How do you know it was differnt? Symantec makes us work to find accurate correct information probably part of their mental fitness program which I guess is ok in a way -
you look in the document 12.1.2 and find the section dealing with your problem or configuration question or "how do I" and look up the needed information. Since it was written for 12.1.2 which ITSELF was not entirely correct as it included "oops, the book is wrong here" documents, we look it up in 12.1.2, then we have to look through all the release notes, readme files and such to see if it was changed for 12.1.3.
Starting this week we must find and look up the information we need in the 12.1.2 book, scour the 12.1.2 release notes to see if any if it was wrong at that time, then we have to refer to the 12.1.3 release notes, corrections, readme files and see if there had been changes, but now we add the steps of referring to all the corrections, readme files and release notes for 12.1.4
So we have to refer to at least 3 sets of various files put out over time to see if what is in that 12.1.2 book is correct any more.
For example - check out the MAC stuff - the support for VM and I know there's a lot more - if you go by what the 12.1.2 book states you will be wrong.
while you are correct in stating the "documents have not changed", the product thankfully (most of the time) has changed meaning we're left to do the work that the now former Symantec employees there failed to do in updating the documentation. (maybe that's ok, it keeps the product costs down for us?)
I guess I now need to find all the past release notes, readme files, document correction notes and so on, get out the 12.1.2 book I printed a couple of years back and go through all 1500 pages and make corrections and changes... Otherwise the information won't match the current product? Is that not correct? (trick question)

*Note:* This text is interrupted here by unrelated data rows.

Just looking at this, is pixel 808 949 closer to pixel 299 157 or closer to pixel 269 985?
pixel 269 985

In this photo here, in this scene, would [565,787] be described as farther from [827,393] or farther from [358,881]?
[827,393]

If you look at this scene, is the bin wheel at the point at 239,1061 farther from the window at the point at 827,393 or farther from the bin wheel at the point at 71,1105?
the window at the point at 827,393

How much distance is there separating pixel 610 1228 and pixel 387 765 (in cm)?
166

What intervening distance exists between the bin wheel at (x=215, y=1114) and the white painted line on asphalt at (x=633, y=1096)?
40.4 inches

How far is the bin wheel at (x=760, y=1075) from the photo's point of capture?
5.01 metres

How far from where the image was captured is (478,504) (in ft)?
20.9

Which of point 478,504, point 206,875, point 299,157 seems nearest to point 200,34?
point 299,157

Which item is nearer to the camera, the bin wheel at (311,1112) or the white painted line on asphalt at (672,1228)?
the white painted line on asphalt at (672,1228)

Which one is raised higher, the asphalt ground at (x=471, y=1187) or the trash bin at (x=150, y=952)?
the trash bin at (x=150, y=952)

Because if anyone says "no, the 12.1.2 document is correct" that means that SEP, SNAC and the VM support have not changed since 12.1.2 was released which we know is not true (or at least hope it's not true!)
Not digging on you or the responses - but it just seems with each passing release Symantec documentation drops down further into a dark hole of unreliability. We can't trust what we see in the documents that come with the product because product changed, not documents.

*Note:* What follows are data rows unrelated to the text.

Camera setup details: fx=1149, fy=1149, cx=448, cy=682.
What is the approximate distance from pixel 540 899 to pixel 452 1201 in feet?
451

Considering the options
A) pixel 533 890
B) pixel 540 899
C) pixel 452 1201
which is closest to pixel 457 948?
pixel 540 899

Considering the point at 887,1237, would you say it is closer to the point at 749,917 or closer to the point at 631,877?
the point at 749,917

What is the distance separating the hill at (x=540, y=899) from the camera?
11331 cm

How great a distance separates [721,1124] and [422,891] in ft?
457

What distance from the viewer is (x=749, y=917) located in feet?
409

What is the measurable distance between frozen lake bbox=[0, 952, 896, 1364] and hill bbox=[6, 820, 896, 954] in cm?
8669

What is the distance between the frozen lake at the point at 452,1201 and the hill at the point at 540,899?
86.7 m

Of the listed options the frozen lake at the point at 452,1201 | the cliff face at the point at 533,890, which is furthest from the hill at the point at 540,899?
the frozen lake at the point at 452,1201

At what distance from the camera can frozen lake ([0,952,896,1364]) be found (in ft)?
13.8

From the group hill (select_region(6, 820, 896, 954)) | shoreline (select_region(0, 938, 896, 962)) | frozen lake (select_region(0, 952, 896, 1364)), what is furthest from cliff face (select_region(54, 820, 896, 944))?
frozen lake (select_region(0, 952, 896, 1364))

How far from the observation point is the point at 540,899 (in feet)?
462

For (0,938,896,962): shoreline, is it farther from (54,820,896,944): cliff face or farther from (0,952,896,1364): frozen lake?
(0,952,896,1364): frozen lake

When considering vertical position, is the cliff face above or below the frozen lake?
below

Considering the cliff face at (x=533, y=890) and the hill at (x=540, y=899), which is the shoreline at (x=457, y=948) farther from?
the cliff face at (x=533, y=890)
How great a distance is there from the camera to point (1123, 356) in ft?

It's not Mithun's fault or Brian's fault, they are just the messengers trying to be very helpful, and indeed they have been, and quick, too!
By the way, for the higher-ups there - there are good technical writers all over and the info is there somewhere in Cupertino, California (A place I almost ended up working!) as it's scattered in release notes, erratica, and so on - it would be quite helpful to us, the customer, to be able to go to a reliable document. (hint)
I also happen to know there are quite a few IT type people who could use a job and would be happy to help keep these documents up to date, it would help the economy to hire one! ;-)
Thanks for the replies, at least I know now and that's a huge help (and for the links, etc.)